We’re glad to hear it! The album has been about two years in the making and within that time you dealt with a sudden member change. How did that affect the process for you?
I mean honestly it could have really, really been a detriment to us, and there were periods of time where we were very worried about the future of the band I think. But it all played out into our hands in the end, and I think the current line-up we have is the most focused we’ve ever been. Not many people know, but that line-up change happened not just mid-album, but mid-recording. We spent a week tracking the first half of the album and then did the Loathe tour and then obviously the split happened, and then we were left having to write and record another half of the album. So it was a big change during a very important part of our band’s timeline, but I feel like we definitely pulled it off and if anything it benefited us.
You went into the studio with George Lever again who you worked on the split EP with Loathe, how did your relationship develop with George over that time?
It was definitely a very different experience. Like I say we tracked the album in two halves, so the recording process was dragged out massively compared to the This Is As One EP split. When we recorded This Is As One we hardly knew the guy, we spent three, maybe four days in his kind of garage in his father’s garden. When we went on to do the album we went to a big studio further out and we pretty much lived with him for a week, so it was a very different experience. We’re really grateful for the time we spent with George, I think he really helped shape this album in more ways than one. It wasn’t just the sonic qualities that he brought, he really, really helped us to think about our music.

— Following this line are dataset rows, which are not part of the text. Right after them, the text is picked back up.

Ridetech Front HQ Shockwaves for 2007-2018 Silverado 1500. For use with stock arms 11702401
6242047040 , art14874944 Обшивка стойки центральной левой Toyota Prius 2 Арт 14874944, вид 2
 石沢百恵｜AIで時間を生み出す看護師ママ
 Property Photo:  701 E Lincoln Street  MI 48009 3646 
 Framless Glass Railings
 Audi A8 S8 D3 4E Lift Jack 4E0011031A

The album documents a relationship from start to finish. Now that’s something that we think most people would see as a very private matter. How did it feel to you to be so open and honest in your lyrics?
So first and foremost, the album isn’t literal as such. It’s not about an actual relationship, so for me it was very much a case of writing this story line and narrative in my head, and then channeling emotions that I had felt throughout my life into the narrative I guess. I feel like I’m very grateful that I am at peace and at one with my emotions and the emotions I’ve experienced over the years, because writing song lyrics you are very bare to the world. Exposing is probably the word, it’s a very exposing situation to have to pen your feelings and thoughts. So there were lyrics and chunks of the album that were very hard to write, but I think part of this band is very much that we are super sincere with the message and the way I write lyrics. So yeah, it was just a case of channeling the feelings I’d felt before into this narrative and trying to make it as believable and real as possible.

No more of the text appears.